Black Bolero is so dense, controlled and tightly designed within its half circle/fan shape that it shouldn’t work, but something wild happens as it breaks out into that cloud of arabesques at the top, a shout of joy. There are two kinds of patterning, geometrical and floral – here we see them both, carefully intertwined and balanced. It succeeds in her often stated goals: to marry high art and craft; eastern and western influences; the public “male” world and the domestic “female” world; the rigorous and the sentimental; kitsch and splendor. We feel an underlying fin-de-siecle morbidity too, and not just because it’s black. It is as if the brightness and liveliness dancing across its surface were disguising a depth of sorrow.

Miriam Schapiro, Black Bolero (Detail) and Bal Masque (Detail)

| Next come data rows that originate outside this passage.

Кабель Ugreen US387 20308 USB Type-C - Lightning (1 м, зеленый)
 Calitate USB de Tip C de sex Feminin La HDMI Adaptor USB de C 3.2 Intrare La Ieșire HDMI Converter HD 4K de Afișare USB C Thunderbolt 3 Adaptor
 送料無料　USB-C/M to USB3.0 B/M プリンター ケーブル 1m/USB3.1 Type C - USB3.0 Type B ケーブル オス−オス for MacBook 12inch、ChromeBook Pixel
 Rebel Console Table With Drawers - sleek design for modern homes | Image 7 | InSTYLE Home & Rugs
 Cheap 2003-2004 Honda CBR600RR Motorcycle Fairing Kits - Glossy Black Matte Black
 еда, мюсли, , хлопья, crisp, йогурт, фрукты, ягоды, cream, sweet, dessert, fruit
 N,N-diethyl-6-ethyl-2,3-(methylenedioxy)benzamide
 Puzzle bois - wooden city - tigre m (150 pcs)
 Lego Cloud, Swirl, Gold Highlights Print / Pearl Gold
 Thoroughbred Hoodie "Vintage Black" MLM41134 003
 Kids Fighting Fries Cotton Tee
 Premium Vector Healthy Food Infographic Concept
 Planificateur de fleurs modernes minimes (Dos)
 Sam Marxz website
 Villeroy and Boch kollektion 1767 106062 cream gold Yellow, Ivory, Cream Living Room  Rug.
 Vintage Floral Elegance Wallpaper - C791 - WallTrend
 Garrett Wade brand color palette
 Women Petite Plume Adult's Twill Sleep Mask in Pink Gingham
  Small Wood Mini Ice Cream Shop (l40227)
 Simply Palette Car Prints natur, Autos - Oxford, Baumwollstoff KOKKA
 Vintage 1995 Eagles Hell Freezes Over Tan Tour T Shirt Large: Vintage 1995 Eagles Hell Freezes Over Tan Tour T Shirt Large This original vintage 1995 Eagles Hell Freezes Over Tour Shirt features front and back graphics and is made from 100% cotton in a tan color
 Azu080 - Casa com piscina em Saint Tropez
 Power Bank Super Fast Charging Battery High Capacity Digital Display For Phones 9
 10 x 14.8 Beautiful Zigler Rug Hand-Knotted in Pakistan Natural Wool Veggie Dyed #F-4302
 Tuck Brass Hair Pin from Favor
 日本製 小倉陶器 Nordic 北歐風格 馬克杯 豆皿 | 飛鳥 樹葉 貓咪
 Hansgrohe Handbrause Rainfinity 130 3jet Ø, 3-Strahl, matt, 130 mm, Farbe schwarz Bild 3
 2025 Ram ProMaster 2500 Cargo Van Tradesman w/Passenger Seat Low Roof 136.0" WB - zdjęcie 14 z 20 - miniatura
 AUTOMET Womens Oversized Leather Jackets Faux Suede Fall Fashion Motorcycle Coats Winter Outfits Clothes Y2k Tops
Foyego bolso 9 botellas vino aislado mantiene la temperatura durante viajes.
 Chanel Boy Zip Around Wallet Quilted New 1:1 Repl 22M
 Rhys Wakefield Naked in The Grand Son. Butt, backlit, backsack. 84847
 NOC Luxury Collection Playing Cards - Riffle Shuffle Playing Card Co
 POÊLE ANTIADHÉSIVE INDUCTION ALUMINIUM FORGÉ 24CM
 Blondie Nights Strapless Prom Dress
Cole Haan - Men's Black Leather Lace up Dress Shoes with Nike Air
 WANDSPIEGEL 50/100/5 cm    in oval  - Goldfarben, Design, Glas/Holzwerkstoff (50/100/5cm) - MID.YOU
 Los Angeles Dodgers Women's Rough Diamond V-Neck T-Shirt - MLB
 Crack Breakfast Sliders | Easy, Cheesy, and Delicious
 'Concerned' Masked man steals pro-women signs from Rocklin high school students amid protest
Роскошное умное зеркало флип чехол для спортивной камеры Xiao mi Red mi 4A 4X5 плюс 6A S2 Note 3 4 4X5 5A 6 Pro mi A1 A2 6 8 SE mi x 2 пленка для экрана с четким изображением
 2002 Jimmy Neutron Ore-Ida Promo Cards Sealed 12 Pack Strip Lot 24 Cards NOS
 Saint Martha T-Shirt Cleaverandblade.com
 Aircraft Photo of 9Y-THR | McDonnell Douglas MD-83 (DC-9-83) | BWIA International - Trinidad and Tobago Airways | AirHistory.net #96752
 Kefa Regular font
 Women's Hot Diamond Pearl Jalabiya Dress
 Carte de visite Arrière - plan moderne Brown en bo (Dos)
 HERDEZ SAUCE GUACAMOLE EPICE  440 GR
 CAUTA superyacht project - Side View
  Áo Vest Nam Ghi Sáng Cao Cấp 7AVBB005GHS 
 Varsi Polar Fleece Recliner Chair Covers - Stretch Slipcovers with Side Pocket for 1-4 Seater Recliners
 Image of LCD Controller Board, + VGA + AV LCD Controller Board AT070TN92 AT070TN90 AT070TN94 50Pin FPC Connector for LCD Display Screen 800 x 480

Bal Masque (like Medusa) from her “Screen” series is more austerely formal. Composed of 6 attached panels, these works are flat, although they appear to recede into space. The form anticipates her theater pieces that were to preoccupy her for many years, but I prefer the severe, contained parameters of these screens. She upended all she’d learned utilizing the computer to generate large, hard-edged geometrical abstractions earlier in her life. Filigreed botanical ornament follows its borders respectfully, as it might in a traditional screen, but at the center, it sprouts tendrils and buds. If you look long enough, you begin to see gaping eyes and death heads at the interior, reminiscent of the masks that Mimi collected and arranged on the walls of her loft. At the center is a face, a scary one! I somehow associate these pictures with the ravishing interiors in The Last Emperor (1987) - could Bertolucci have seen these paintings?

Miriam Schapiro, Bal Masque, 1980, Acrylic and fabric on canvas, 84 x 168 inches (6 panels)Collection of Judy and Alvin Krause, Roslyn, LI

It is essential to situate artists in their historic milieu, especially if they thrived on interactions within their community, as Miriam Schapiro did. She was active in many feminist artist groups on both coasts, participating in working collectives with other strong, smart women. There were intense, heated discussions about art and politics, which could be volatile or generative. She was also a member of the Pattern & Decoration movement, which included a pretty even number of men and women (Robert Kushner, Valerie Jaudon, Brad Davis, Patsy Norvell, Arlene Slavin, Jane Kaufman, Cynthia Carlson, Robert Zakanitch, Kim MacConnel, Barbara Zucker, Ned Smyth, Mary Grigoriadis, Tony Robbin, Richard Kalina, Kendall Shaw and myself, plus others as it expanded). At our meetings, we encouraged one another to push the boundaries of the decorative. We shared a love for the arts of other times and places, and a dissatisfaction with the restrictions of formalism, which had been dominant in 60s painting. Some of us continued the conversations from the larger gatherings during one-on-one studio visits, at which ideas were hashed out in front of the work; the dialogue was so stimulating that one would be energized. These were among Mimi’s happiest times, and I believe that their charge is visible in the pieces she made during those years.

Joyce Kozloff, If I Were a Botanist: Gaza, 2015, mixed media on canvas, 54 x 91 1/4 inches (3 panels)
Courtesy of the Artist and DC Moore Gallery, Photo: Steven Bates

Miriam Schapiro: A Visionary, opens at the National Academy Museum in New York City on February 3, 2016 and is on view through May 8, 2016.

Joyce Kozloff lives in New York and is represented by DC Moore Gallery.